Ganz anders steht es mit israelischen Gefangenen in arabischer Gefangenschaft, vor allem Gefangene der Hamas und der Hisbollah. Besuche sind keine gestattet, nicht einmal vom Roten Kreuz. Niemand weiss ob sie überhaupt leben und wo. Weder Hamas noch Hisbollah geben Informationen über ihren Zustand bekannt, Israels in Gefangenschaft geratenen Soldaten werden als Schachfiguren zynisch gegenüber Israel und der Welt ausgespielt, ihre Familien verhöhnt – die gesamte unmenschliche Philosophie islamistischer (ob islamisch oder islamistische spielt inzwischen keine Rolle mehr, da synonym) Menschen- und Lebensverachtung wird ausgespielt – für die ganze Welt zu sehen. Ob von dieser aber wahrgenommen, ist eine andere Frage. Diese offene Diskrepanz des menschlichen Niveaus liegt für jeden sichtbar vor.

Heute wurden die (vermutlichen) Leichenteile von Ehud Goldwasser und Eldad Regev an der UNO-Grenzstation Rosh Hanikra gegen einen der übelsten Mörder in der Geschichte des Landes, dem Drusen Samir Kuntar, ausgetauscht. Obwohl libanesischer Druse, brachte er es fertig im Namen Allahs drei Menschen umzubringen, dabei ein dreijähriges Mädchen, dem er den Kopf an einer Wand zerschlug. Das war vor dreissig Jahren. Heute kam er frei und wird im Libanon als Held gefeiert. Reue zeigt er keine, er will mit seiner Tätigkeit fortfahren, dort wo er vor dreissig Jahren aufgehört hat. Diese Demonstration menschlicher und religiöser Bösartigkeit sollte eigentlich bei jedem anständigen Menschen Brechreiz auslösen – wie weit dies geschehen wird, werden wir vielleicht in den kommenden Tagen in der Presse verfolgen können. Soll die Jüdischkeit seiner Opfer ihn zum Helden der arabischen Welt stempeln? Abu Mazen, unser Möchtegernfriedenpartner, gratulierte Kuntar ebenso, wie andere Mitglieder der PA. Es wird, so die Presse, nicht ausgeschlossen, dass in den besetzten Gebieten und Gaza ebenso gefeiert wird, wie im Libanon. Mein drusischer Freund Hani, meinte, der damals sechzehnjährige Kuntar, sei derselben Hirnwäsche unterzogen worden, wie die meisten anderen Terroristen, die vor allem auf Judenhass getrimmt, sämtliche natürlichen menschlichen Hemmung verlieren und sich als Erben nazistischen Judenhassens sehend, entsprechend aufführen. Das hat Geschichte, die noch vor der Gründung Israels begonnen hatte.

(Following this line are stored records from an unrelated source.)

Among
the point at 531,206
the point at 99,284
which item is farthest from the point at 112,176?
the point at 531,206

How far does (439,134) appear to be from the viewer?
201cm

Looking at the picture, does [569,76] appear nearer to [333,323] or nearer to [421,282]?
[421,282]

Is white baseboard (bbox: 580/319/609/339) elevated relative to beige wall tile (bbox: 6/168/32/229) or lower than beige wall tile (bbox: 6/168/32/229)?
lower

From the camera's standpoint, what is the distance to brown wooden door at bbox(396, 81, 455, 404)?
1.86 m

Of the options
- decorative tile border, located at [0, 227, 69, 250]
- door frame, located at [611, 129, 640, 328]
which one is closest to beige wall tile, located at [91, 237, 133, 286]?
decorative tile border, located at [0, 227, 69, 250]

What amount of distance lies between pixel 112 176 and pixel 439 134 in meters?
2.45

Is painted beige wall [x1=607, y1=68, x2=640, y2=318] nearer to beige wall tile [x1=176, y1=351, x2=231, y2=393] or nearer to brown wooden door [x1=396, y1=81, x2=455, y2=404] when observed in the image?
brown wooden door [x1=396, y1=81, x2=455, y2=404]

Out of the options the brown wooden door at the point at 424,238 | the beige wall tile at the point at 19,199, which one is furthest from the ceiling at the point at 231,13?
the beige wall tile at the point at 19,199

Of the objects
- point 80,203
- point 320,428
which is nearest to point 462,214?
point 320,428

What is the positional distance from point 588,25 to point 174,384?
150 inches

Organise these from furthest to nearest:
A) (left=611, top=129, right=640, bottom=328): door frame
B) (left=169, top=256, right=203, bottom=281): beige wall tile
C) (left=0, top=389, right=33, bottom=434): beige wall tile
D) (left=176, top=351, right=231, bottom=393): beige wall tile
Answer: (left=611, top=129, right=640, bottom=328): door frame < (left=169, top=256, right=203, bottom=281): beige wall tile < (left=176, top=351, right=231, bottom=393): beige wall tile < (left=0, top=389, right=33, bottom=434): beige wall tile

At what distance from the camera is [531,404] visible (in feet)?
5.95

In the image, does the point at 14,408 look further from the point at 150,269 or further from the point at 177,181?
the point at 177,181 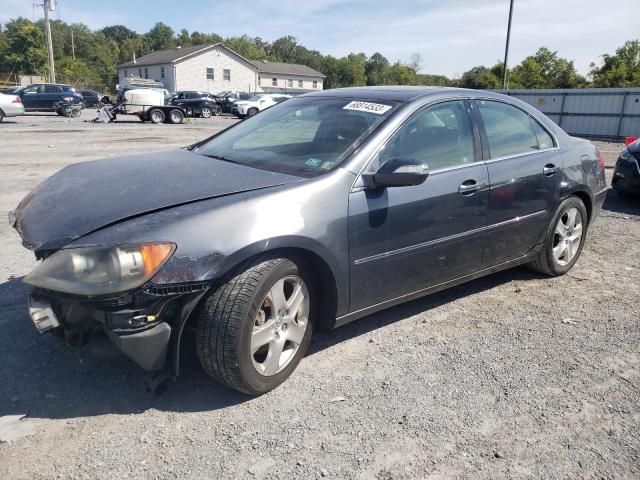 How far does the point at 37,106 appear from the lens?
27.8 m

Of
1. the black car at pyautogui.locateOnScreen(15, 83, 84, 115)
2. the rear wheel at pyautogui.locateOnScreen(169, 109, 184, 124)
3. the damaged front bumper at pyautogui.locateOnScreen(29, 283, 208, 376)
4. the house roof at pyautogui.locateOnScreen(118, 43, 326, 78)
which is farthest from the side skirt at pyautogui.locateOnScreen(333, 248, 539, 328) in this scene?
the house roof at pyautogui.locateOnScreen(118, 43, 326, 78)

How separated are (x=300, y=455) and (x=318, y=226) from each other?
117cm

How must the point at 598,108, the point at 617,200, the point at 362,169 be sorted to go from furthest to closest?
1. the point at 598,108
2. the point at 617,200
3. the point at 362,169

Mein Eindruck ist, dass die Mehrheit des Volkes sich gegen den Regierungsentscheid zum Gefangenenaustausch gewendet hat. Der Zorn ist tief und beruht fast ausschliesslich auf Emotionen. Emotionen allein sind billig, doch sollten sie geachtet und zur Kenntnis genommen werden. Die Witwe von Kuntars Opfern hingegen sagte öffentlich aus, dass sie nichts gegen die Auslieferung des Mörders ihrer Familie hätte. Kuntar sei nicht ihr persönlicher Gefangener und der Regierung stehe es frei, mit ihm zu tun, was dem Interesse des Landes nütze. Solche menschlichte Grösse ist auch in Israel selten zu finden, doch sie besteht. Genau so wie sie bei palästinensischen und jüdischen Familien zu finden ist, die Organe ihrer durch die Armee irrtümlich getöteten Kinder an jüdische und arabische Kranke freigaben. (Ein faszinierendes Thema, das einen separaten Artikel verdient). Diese menschliche Grösse ist zu beobachten, wenn Familienangehörige von Opfern beider Seiten, sich versöhnlich verständigen und statt Hass zu pflegen, Verständigung fördernde Aktivitäten aufnehmen.

Von nur von wenigen realisiert ist die Tatsache, dass Hisbollahs Hass gegen Israel rein ideologisch-religiöser Natur ist. Hisbollah ist eine libanesische Organisation des schiitischen Islams. Ansprüche auf Land, wie palästinensische Terrorbanden anmelden können, haben sie keine, denn aus religiöser Überzeugung töten sie Juden weil sie Juden sind und Juden nicht in dieser Region leben oder gar einen eigenen Staat haben dürfen. Das ist die Motivation Hisbollahs, gestützt durch seine Sponsoren, dem Iran der Mullahs und deren Ahmedinejad, die sie im Libanon vertreten, assistiert von Syrien.